Now that Maneka Gandhi, Union Minister for Women and Child Development, has brought the subject of legal pre-nups to the centrestage, let's take a look at what such a move will entail.
Legally speaking, Section 2(h) of the Indian Contract Act 1872 defines a contract as an agreement enforceable by law, yet it nullifies all contracts with respect to marriage or which has marriage as a consideration.
"Pre-nups may actually be helpful in saving marriages because one would know the financial implications of a divorce right from the start."
Up until now pre-nups had no legal standing, because according to the law in India marriage is not considered as a contract. It is treated as a religiously sanctioned bond.
Technically, a pre-nup should be extremely simple to formulate legally -- both parties decide on the proportionate division of wealth and assets before marriage in case there is a divorce. The latter half of the sentence is what is going to be socio-legal hurdle in the easy implementation of pre-nup agreements.

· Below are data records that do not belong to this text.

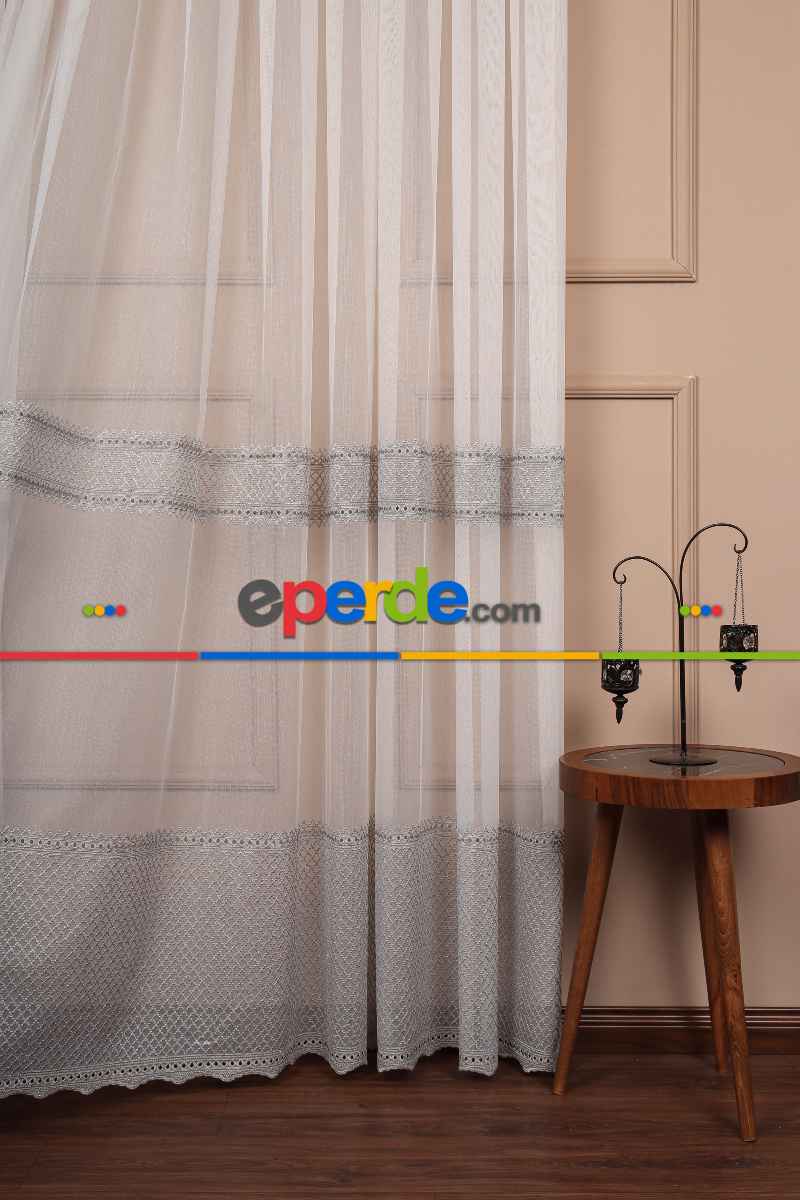 Salon Tül Modelleri - Enine Bantlı Avangart Nakış İşlemeli Tül Perde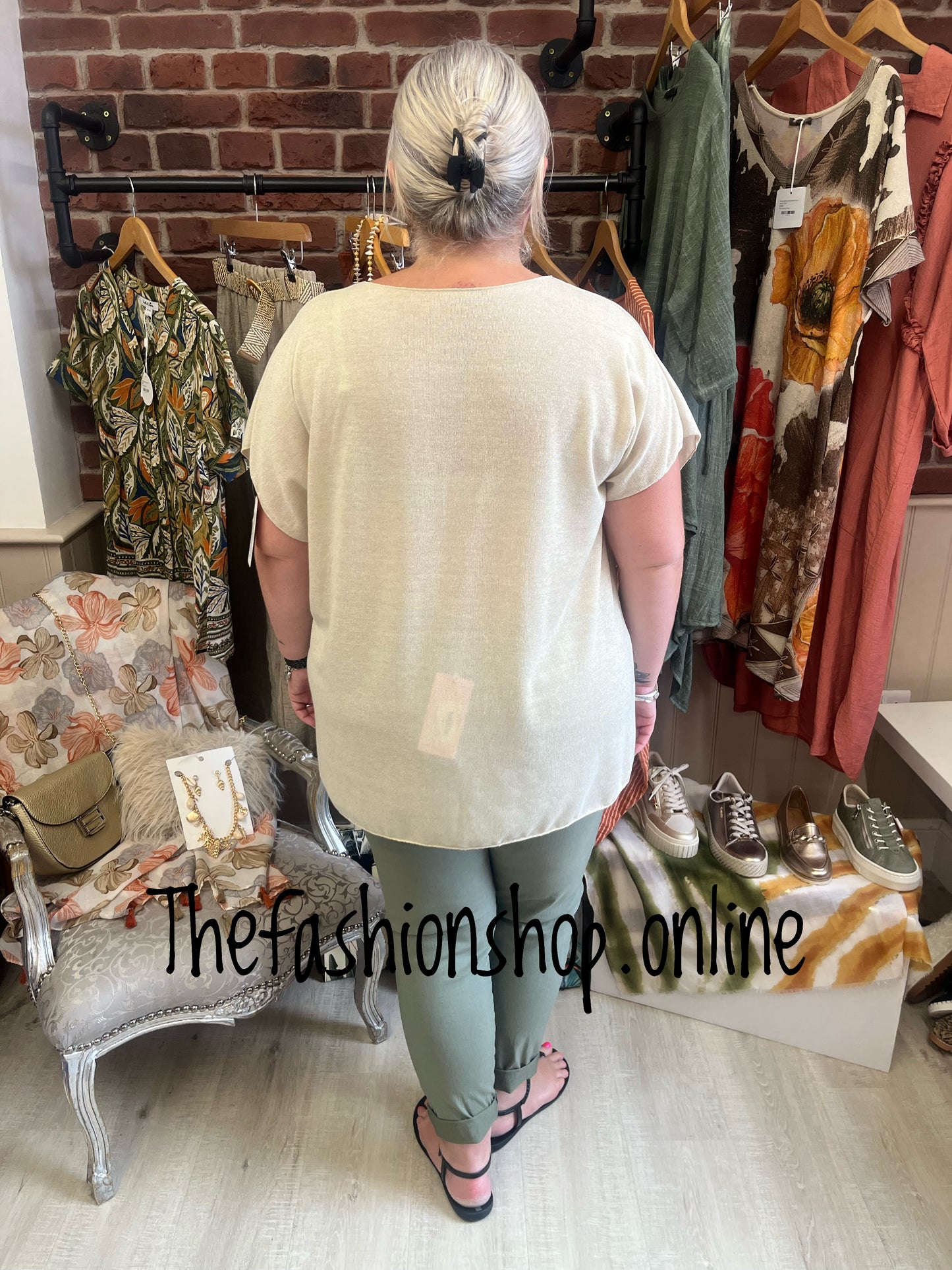 Rhianna bold oranges v neck top 16-22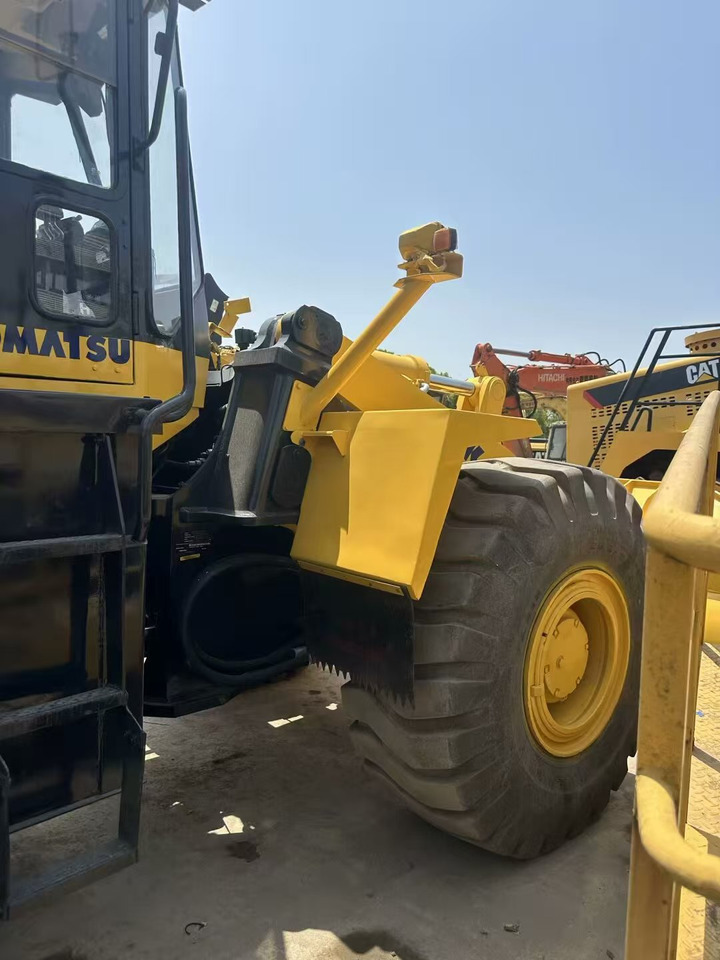 Chargeuse sur pneus KOMATSU WA470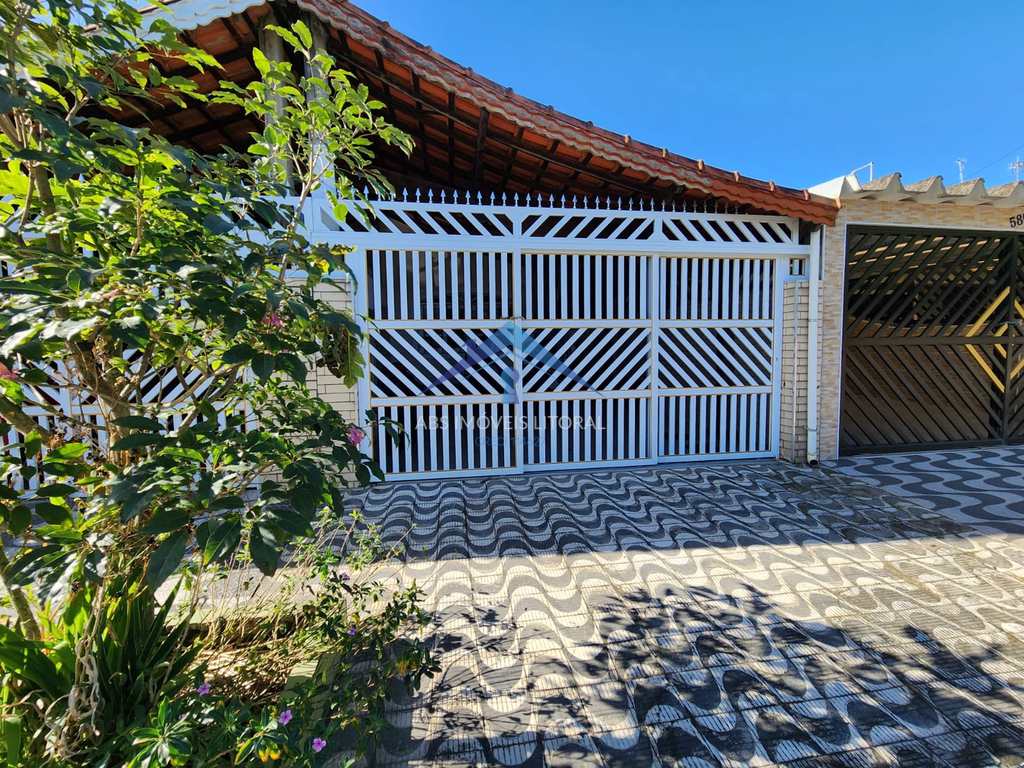 Casa em Praia Grande, no bairro Real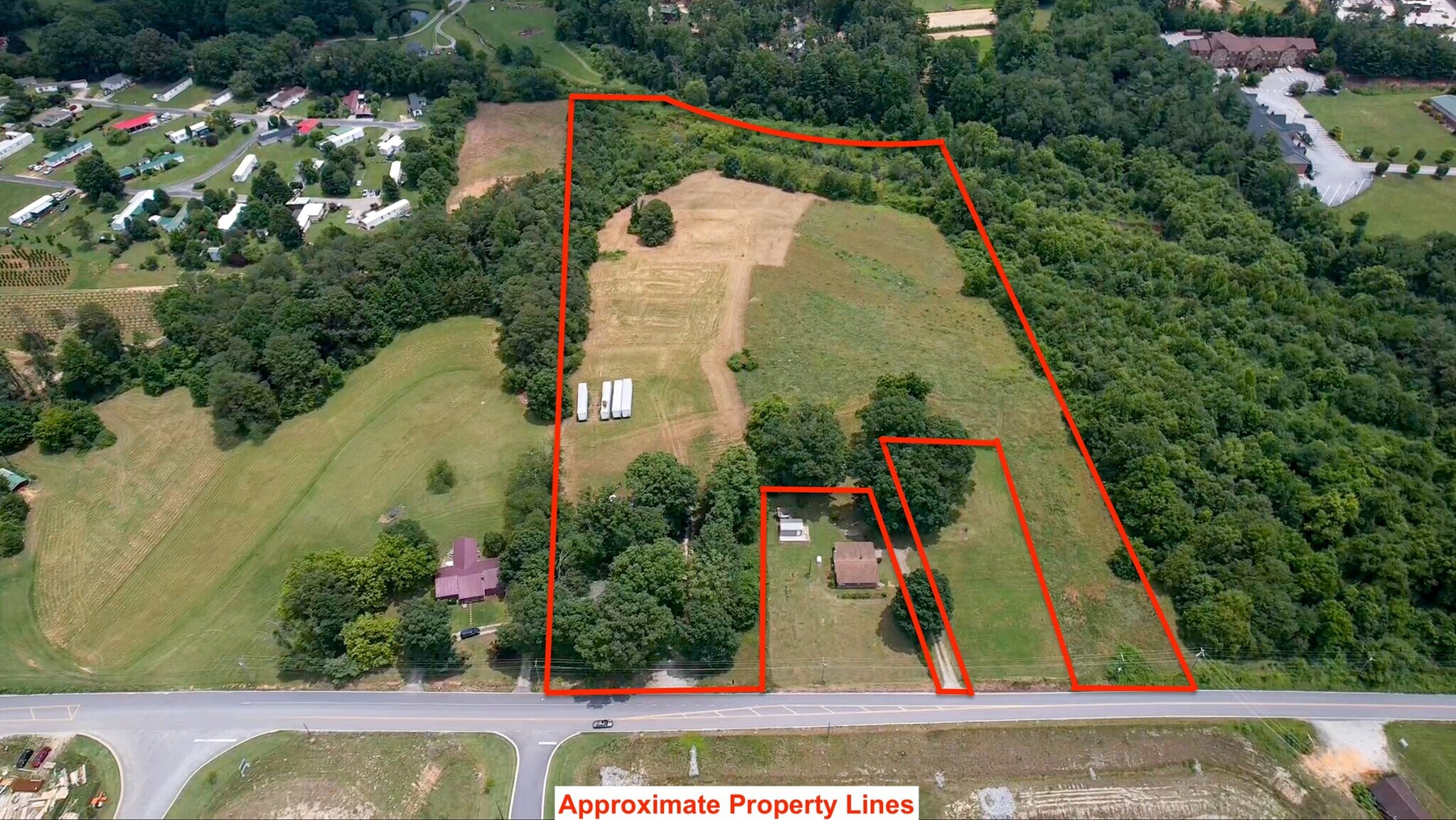 412 McMurray Rd, Flat Rock, NC à vendre Photo du bâtiment- Image 1 de 14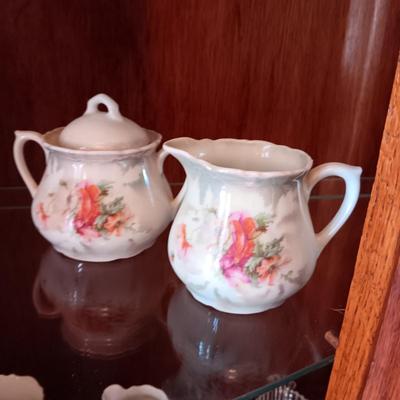 GLASS SWAN AND 2 CREAM AND SUGAR SETS
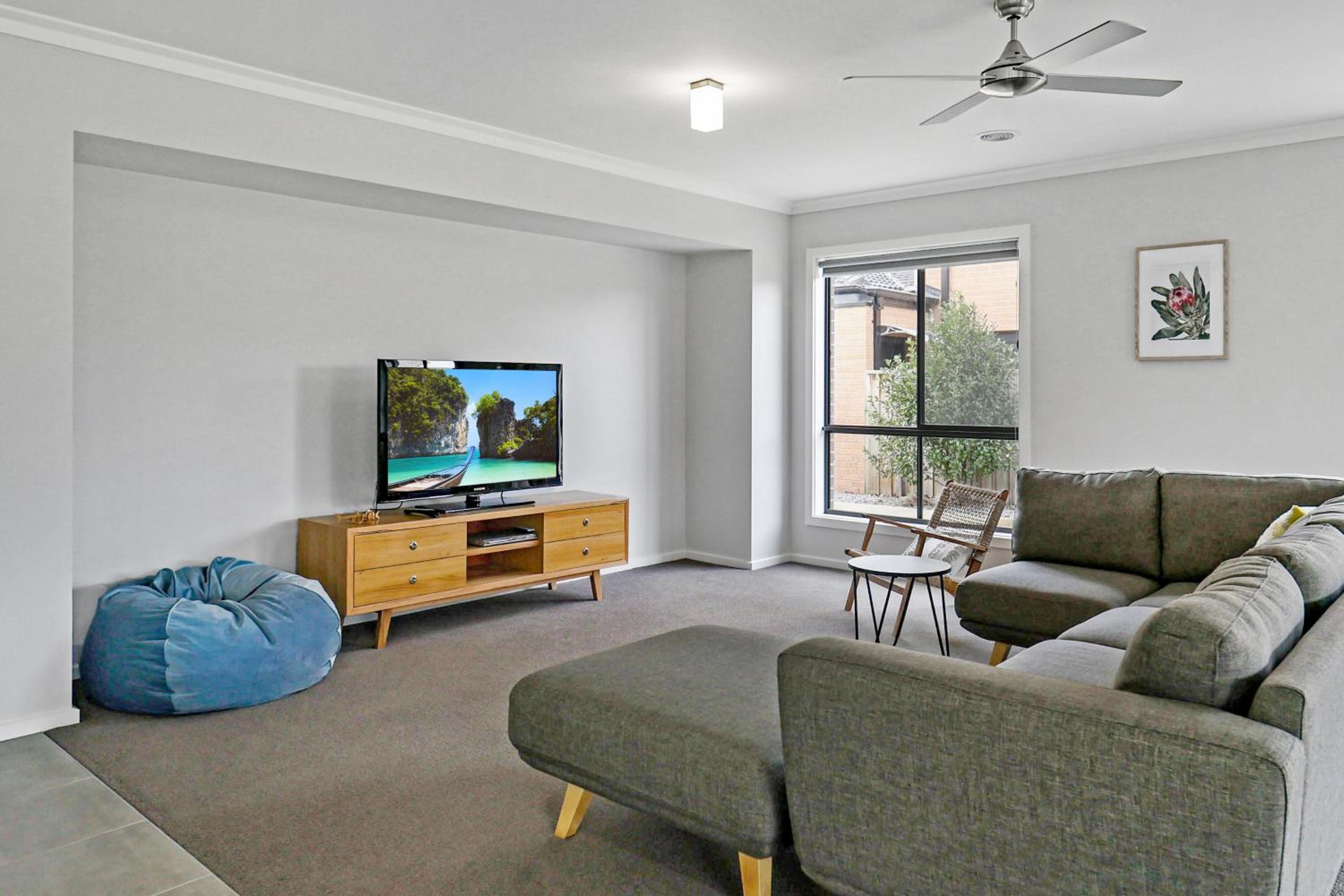 The Shore- Modern family getaway, aircon, sleeps 10, pets welcome, boat parking, Bellarine Peninsula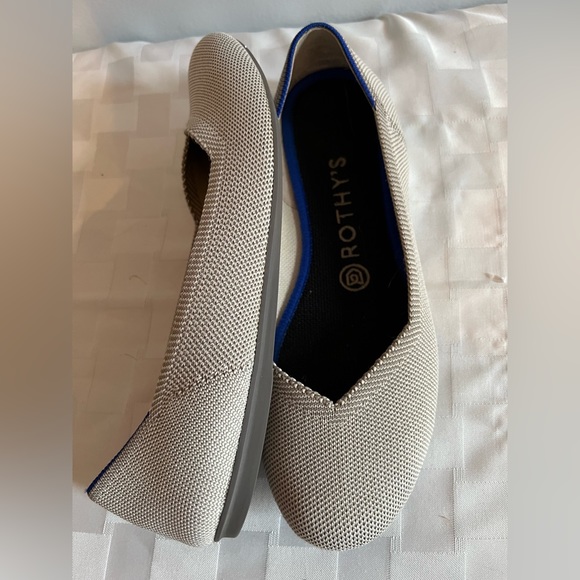 Size 8 Rothy’s the Flat. Round toe gray quartz flats. Good preowned condition - Picture 5 of 11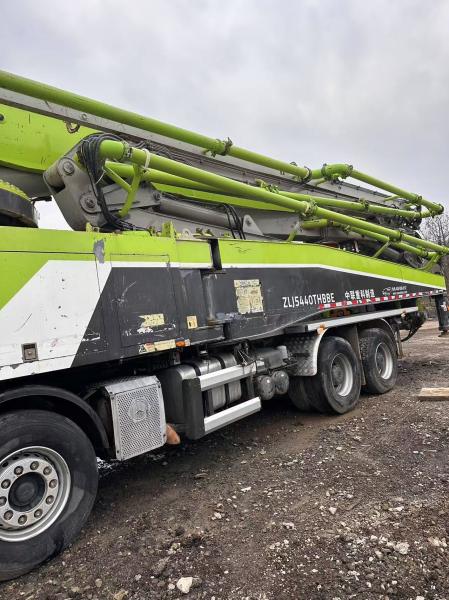 Used Zoomlion 63m concrete pump truck price in 2019, special sale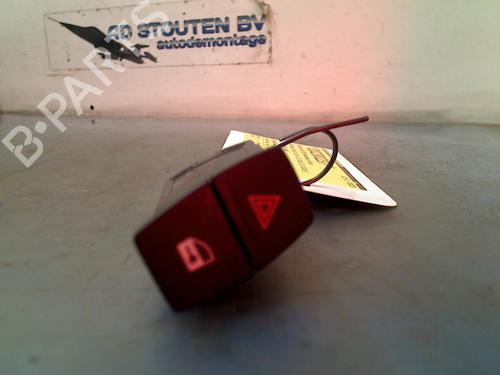 Used Warning switch BMW 1 (F20) 116 d (116 hp) 13637841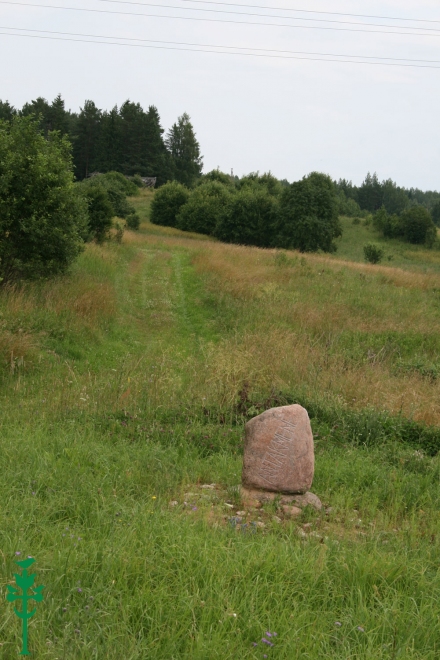 Antakmenės kaimą žymintis pakelės akmuo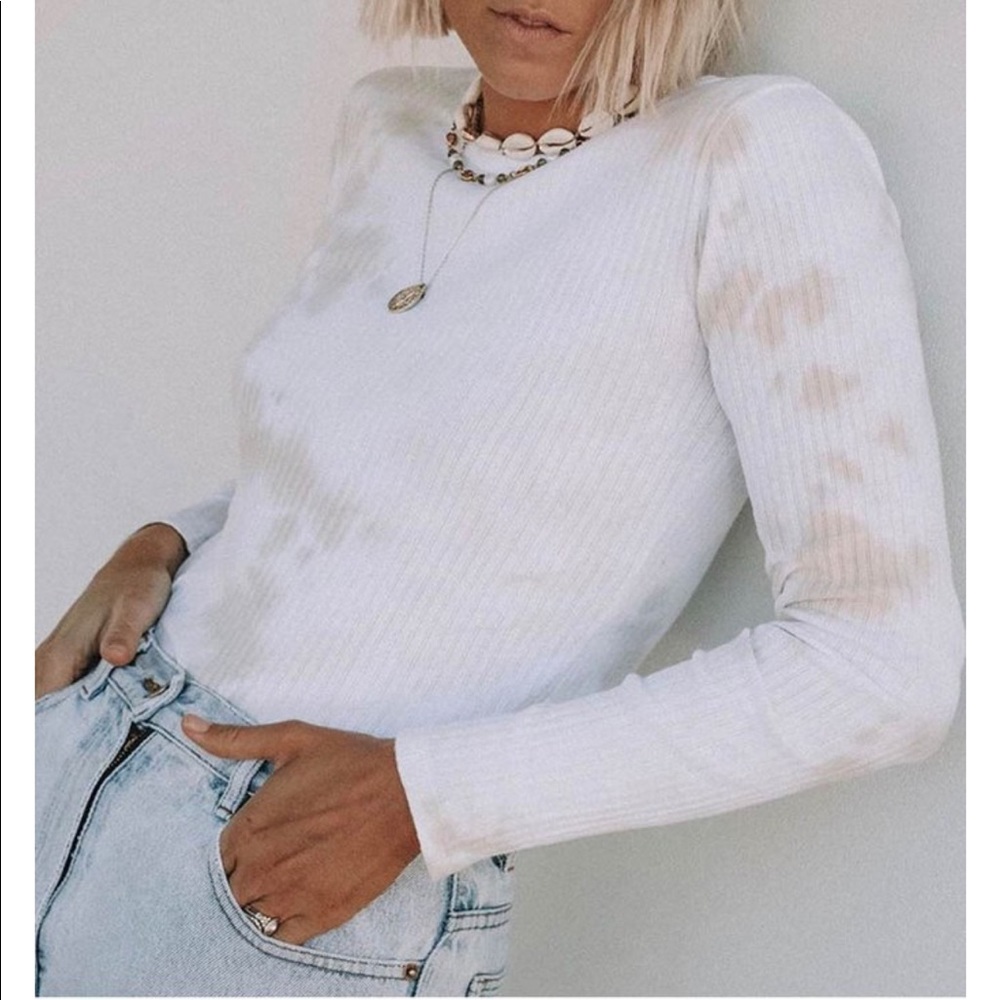 Trendy tie dye Maurie & Eve ribbed long sleeve!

In India, where we still think marriages are made in heaven and divorces are a new fangled invention of evil lawyers and influences from the amoral West, there is a great resistance even to the idea of divorce - it is difficult to accept that a union that was to last for seven lifetimes couldn't even make it to one. In such a scenario, how on earth will we promote a socio-legal acceptance of pre-nuptial agreements that are based on the premise of a breakdown of a marriage even before there's been a wedding? Can you imagine the families of the "boy and girl" meeting over cups of tea to discuss flower arrangements and the wedding menu along with who gets what in the event of a divorce? It's seems like a pretty impossible scenario in a country where divorce is highly stigmatised and where most people shudder at the very mention of the word.
When this is the mindset, then how will pre-nups be implemented in their true spirit?
The legal implementation of pre-nups, as I mentioned before, could be quite simple. To give you an illustration of pre-nups drawn from the West -- if the husband's net worth is Rs 20 crore and the wife's is Rs 5 crore they could mutually decide the financial consequences of a divorce. Time and other variables would determine the financials so let's say that should they remain married for five years they could decide that the wife gets a payout of a lump sum or a percentage of the husband's wealth in case of a divorce.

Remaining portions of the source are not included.